As the month begins, both Venus and Saturn can be viewed right after sunset. Though Saturn quickly vanishes in the twilight, Jupiter appears in the late evening to fill in the gap; and Mars finally returns to the pre-dawn sky.
Venus continues to grace the early evening sky with its beauty and brilliance. This fall, the dazzling planet hovers low in the southwest, climbing less than ten degrees above the horizon. However, its brightness more than makes up for its lack of altitude: It is unmistakable as the Evening Star. By mid-month, Venus sets two hours after the Sun — a situation that will persist until winter arrives, and its reign as the Evening Star declines.
During the first few days of October, both Venus and Saturn are equidistant above the southwest horizon, with Venus some 15 degrees (two binocular fields) to the left of the much fainter ringed planet.

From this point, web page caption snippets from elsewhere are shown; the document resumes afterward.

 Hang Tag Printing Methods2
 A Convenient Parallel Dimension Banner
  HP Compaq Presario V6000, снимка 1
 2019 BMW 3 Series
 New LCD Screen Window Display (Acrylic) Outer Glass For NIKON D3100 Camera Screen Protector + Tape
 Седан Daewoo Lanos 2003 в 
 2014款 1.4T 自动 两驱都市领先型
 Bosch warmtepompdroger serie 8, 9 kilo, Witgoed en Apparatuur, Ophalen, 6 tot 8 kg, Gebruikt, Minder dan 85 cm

On October 7, a thin crescent Moon will appear mid-way between Venus and Saturn. Look for the soft glow of earthshine illuminating the otherwise dark portion of the lunar surface. The combination of a crescent Moon and Venus, shining in the twilight, is one of the most beautiful sights in the sky!
Saturn has spent the spring and summer shining among the stars of Libra and Virgo, and dominating the night sky. However, as Saturn continues its inevitable descent toward the western horizon, it becomes completely lost in the glow of twilight by mid-month. Though there’s no need to fret; the fabulous ringed planet will reappear in the dawn sky early in December.

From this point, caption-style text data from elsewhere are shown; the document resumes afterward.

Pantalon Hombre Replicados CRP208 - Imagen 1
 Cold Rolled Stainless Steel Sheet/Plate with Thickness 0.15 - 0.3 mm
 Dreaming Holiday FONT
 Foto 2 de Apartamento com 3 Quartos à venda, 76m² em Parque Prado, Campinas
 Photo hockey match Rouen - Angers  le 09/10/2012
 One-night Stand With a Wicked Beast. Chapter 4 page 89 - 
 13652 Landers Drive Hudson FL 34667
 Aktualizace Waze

On October 7, Saturn-lovers have one last chance to observe the target of their affections when a thin crescent Moon appears about ten degrees to the planet’s left: Binoculars will be absolutely necessary to distinguish the planet in the glow of twilight.
Jupiter rises just before midnight, and shines among the stars of Gemini, to the right of the bright star, Pollux. The giant planet dominates the morning sky throughout the month, and climbs some 50 degrees above the southeast horizon by dawn. Jupiter is a remarkable sight through a small telescope: It’s dark cloud bands, and constantly moving Galilean moons, always provide a spectacular show — especially on the night of October 11 to 12. On that date, from 00:32 to 01:37 A.M., Eastern Time, three of Jupiter’s moons (Io, Europa and Callisto) will cast their shadows on the planet’s cloud tops. This is a rare event that should not be missed: It won’t happen again until January 2015; the next time after that won’t be until 2032! Speaking of moons, the waning gibbous Moon will appear just below the giant planet on the night of October 25 to 26.
As the month begins, Mars rises just before 3:00 A.M. among the stars of Leo. Though the Red Planet is still too far from Earth to afford an interesting view through a telescope, the situation will improve by next spring. Mars is, nonetheless, a fascinating objet to track as it moves relentlessly eastward, toward the bright star, Regulus. On the mornings of October 15 & 16, the ruddy orange planet will be just one degree away from the brilliant blue star, providing an remarkable colour contrast in binoculars. Look for a waning crescent Moon to appear below Mars on the morning of October 1, and again on the 30th.
The starry sky…
This month the autumn stars approach their mid-season position. By mid-evening, Aquarius is on the meridian, followed in turn by Pegasus, Andromeda, Aries, Cetus and Pisces. Though autumn weather wastes no time arriving, the summer stars linger for a while longer, reminding us of warmer days gone by. Vega, Deneb and Altair, are off to the west; and in the southwest, Scorpius is setting, followed by Sagittarius, not far behind. In the east, Auriga and Taurus have already risen, while Orion and Gemini lie just below the horizon, waiting for November’s colder nights to arrive.